Note the exciting topic. The importance of post-secondary education. Cuts to the chase, eh. No waffling on about subordinate issues like rising costs, underfunding, crowded classrooms, the bewildering proliferation of programs, over-paid profs, underpaid instructors. No. Ignatieff is going to say in an open and frank way, hiding nothing, that universities are “important.”

Should we be disturbed at the idea that his tour is meant to recruit students for the up-coming “non-partisan conference” on means to celebrate Canada’s 150th anniversary? Na! The word “non-partisan” means nothing. It is an emotive term indicating merely that Mr. Ignatieff’s appearance on campus is “important.” Obviously the Leader of the Opposition would not want to speak in an open and frank forum about the better policies offered by the Liberal Party.

Or perhaps Ignatieff is considering a step up to the office of Governor-General. It’s a non-partisan role, certainly and he’d be at home in it. We could get him installed in time for the 150th.

Afghan Prisoners

Prime Minister Harper  has prorogued Parliament, supposedly to work on his post-recovery budget. That’s one story. His. Others say that he wishes to avoid discussion of the fact – surely now accepted fact – that Canadian forces in Afghanistan turn over captured terrorists to Afghan authorities, who mistreat them. Well, torture them.

Mr. Harper says that the majority of Canadians are not overly concerned about the fate of captured Afghan terrorists. Perhaps true. But so what? A minority is vitally concerned. A group of some seventy Canadian political scientists, political philosophers, and law professors are organizing a declaration of opposition to the Prime Minister; they argue that the prorogation of Parliament is high-handed; it demeans Parliament and is the more offensive because done to avoid the torture issue.

How concerned should Canadians be?

Why do we turn over prisoners to the Afghan police and Afghan forces? First: the Afghans are our allies. Second: it is one of our objectives to build up Afghanistan’s institutions for protecting Afghan citizens. Canada will leave the country at some point. Dealing with crooks and terrorists will be the responsibility of Afghans. Sooner or later superintendence has to cease. Better sooner. Superintendence is patronizing; it saps confidence, and perverts the development of that very sense of responsibility that we mean to promote.

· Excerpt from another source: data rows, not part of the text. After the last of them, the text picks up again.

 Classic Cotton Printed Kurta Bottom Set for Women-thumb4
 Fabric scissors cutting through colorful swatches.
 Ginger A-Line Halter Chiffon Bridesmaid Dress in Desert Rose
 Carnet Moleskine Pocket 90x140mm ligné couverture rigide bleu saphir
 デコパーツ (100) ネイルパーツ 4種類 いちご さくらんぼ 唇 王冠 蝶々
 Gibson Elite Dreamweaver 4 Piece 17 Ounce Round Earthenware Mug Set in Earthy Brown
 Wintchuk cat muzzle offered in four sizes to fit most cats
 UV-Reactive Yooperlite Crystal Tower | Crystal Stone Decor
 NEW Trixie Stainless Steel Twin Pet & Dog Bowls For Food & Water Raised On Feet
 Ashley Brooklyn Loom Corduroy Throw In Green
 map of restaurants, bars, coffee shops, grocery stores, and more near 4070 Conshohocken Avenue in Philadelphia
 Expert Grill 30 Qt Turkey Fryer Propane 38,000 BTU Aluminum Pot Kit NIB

But yes, our own principles are compromised when prisoners are tortured.  Our consciences are offended. They should be. We expect allies of the West to conform to Western standards. Or at least not to offend Western standards in blatantly outrageous fashion.

That’s where we stand with respect to our Afghan allies and our own consciences.

Let’s look at the matter from the Afghan perspective. Afghans must wonder why the West has such tender feelings about men who are implacably hostile to the Canadian forces; suicide bombers careless of civilian lives, willing to let die the defenseless children of their own Afghan society, men who hope to introduce a regime that endangers and demeans all Western values, including rejection of torture. Men who are intent on training murderers to penetrate Western society in order to kill us – Canadians, in our own country, you and me, the ordinary, indifferent citizens of the West!

Is that my last word?

It’s a dirty-hands problem. And in dirty-hand problems there is no one right answer. There are two wrong answers. Picking the right wrong answer is a job for a prudent man or woman. In the situation I describe who is the prudent person?

It is Mr. Harper. I have the advantage here; I have seen the list of seventy names. (If all goes as expected their statement and names will be in the newspapers early next week.) I know many of them. You do too. They are our colleagues, most of them senior colleagues. And they are good people. But are they prudent? Prudent enough? With reluctance, I say, No.

The Opposition to Prorogation

A group of some seventy political scientists, political philosophers, and law professors are organizing a declaration opposing Prime Minister Harper’s decision to prorogue parliament. The contention is that “in using the power to suspend the operation of Parliament as he has, Harper has violated not the letter but the spirit of the laws, essentially by using this power for partisan, tactical advantage at a time when there are matters before the House and its committees that call for the government having its feet kept to the fire by the loyal opposition.”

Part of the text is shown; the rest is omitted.